En la Biblia hay una colección de escritos llamados “sapienciales” que contienen aforismos, dichos, proverbios, sentencias, refranes, enigmas, poemas y oraciones de un arte literario multicolor. Como ejemplo vea en su Biblia el libro de los Proverbios y el Eclesiástico.
Esta es una pedagogía sencilla y eficaz, que recoge y armoniza la experiencia inobjetable de la vida con la autoridad moral y sagrada de los ancestros: “contra los hechos no hay argumentos”. Un dicho popular entre nosotros sintetiza bien la sabiduría ancestral de la humanidad, y es éste: “Después del niño ahogado, tapan el pozo”. Todo proverbio es como la tapadera de un hoyanco para no caer en él, apoyados en que otros, por necedad, descuido o ignorancia no lo hicieron, y perecieron. Los dichos y refranes se fueron reuniendo en colecciones temáticas para aprender a vivir con sensatez. Jesús solía rematar sus enseñanzas con una de esas sentencias breves que dejaban deslumbrados a sus obstinados oyentes.

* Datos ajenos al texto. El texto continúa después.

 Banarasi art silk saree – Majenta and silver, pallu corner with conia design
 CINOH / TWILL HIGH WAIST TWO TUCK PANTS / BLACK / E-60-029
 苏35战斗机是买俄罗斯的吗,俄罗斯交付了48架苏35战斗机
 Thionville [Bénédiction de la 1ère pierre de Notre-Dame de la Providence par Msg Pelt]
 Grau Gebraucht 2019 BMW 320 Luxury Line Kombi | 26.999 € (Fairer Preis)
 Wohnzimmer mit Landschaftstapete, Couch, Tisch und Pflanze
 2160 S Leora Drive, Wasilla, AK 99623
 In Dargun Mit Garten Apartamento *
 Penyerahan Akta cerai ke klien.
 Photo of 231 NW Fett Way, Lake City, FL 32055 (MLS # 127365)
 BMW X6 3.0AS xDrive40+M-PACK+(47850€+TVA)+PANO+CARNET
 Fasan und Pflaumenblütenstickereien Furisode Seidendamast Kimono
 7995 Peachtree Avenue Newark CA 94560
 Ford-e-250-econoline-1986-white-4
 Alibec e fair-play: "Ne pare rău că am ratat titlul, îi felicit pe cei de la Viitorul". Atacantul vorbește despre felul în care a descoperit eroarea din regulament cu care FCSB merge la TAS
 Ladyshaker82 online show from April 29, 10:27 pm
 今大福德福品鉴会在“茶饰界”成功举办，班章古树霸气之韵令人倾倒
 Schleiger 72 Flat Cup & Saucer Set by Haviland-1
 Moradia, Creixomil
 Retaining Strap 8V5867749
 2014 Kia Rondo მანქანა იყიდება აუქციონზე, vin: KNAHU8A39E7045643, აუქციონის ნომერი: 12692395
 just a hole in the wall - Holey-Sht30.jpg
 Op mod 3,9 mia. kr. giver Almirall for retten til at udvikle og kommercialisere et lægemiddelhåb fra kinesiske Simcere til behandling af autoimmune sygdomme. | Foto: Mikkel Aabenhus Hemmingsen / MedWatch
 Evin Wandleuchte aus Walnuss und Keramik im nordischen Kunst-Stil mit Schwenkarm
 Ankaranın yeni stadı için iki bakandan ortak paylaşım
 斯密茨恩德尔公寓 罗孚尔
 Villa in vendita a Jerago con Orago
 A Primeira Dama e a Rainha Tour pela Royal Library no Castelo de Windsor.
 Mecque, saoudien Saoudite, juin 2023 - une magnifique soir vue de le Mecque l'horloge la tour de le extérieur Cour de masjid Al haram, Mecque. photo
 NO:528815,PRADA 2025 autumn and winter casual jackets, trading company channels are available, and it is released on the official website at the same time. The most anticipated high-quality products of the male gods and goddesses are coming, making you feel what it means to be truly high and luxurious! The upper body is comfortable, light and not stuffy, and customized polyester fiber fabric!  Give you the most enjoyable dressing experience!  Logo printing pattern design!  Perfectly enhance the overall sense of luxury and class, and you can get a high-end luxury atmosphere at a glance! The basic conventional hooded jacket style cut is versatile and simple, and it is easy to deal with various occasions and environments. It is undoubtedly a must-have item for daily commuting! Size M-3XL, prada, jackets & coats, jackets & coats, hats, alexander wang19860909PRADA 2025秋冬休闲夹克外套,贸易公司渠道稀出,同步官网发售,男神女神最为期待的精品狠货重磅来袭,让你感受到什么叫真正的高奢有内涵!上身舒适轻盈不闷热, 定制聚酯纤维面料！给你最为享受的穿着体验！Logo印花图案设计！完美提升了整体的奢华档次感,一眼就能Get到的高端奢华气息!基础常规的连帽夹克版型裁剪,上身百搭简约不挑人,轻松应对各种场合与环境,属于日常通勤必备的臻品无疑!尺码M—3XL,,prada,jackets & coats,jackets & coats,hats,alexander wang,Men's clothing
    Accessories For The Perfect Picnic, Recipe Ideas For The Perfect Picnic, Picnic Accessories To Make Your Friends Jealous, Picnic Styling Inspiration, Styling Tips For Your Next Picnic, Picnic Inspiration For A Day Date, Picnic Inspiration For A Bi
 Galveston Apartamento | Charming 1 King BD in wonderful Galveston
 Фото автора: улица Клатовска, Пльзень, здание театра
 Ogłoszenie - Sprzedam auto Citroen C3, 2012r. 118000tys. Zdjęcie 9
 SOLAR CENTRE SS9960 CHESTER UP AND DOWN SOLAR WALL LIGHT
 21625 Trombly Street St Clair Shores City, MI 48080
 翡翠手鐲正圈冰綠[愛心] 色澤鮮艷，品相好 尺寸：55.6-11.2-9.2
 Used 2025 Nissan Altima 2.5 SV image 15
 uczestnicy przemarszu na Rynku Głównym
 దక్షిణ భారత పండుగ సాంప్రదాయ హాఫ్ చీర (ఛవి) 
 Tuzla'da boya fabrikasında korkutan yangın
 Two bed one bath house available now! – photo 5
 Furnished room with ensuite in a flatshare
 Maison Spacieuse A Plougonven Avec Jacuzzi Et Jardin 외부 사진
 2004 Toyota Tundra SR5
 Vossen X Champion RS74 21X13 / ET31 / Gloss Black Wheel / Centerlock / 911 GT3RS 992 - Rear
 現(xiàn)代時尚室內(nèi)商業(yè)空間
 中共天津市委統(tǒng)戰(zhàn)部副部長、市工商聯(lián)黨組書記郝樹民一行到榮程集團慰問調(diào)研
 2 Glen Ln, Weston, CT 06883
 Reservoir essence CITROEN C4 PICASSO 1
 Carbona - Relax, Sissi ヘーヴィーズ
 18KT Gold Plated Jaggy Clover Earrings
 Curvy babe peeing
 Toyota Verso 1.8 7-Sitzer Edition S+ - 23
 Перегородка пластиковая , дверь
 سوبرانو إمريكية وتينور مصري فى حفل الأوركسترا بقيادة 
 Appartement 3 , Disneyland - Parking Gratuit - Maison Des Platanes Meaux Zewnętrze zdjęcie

La sabiduría que encontramos en esta literatura bíblica comparte su saber religioso con la experiencia humana en general; por eso goza de valor universal, aunque diversificado por las innumerables culturas de la humanidad. Fray Bernardino de Sahagún coleccionó una valiosa serie de “agüeros” y dichos de los antiguos mexicanos, que recogen costumbres y hábitos que nosotros todavía no logramos comprender, sobre todo en el ámbito religioso. Así suele pasar en todas las culturas. Esta literatura sapiencial fue la ventana abierta de Israel al mundo pagano. Jesucristo abriría la puerta grande para este diálogo salvífico transcultural que conjuga experiencia, razón, inteligencia y religión.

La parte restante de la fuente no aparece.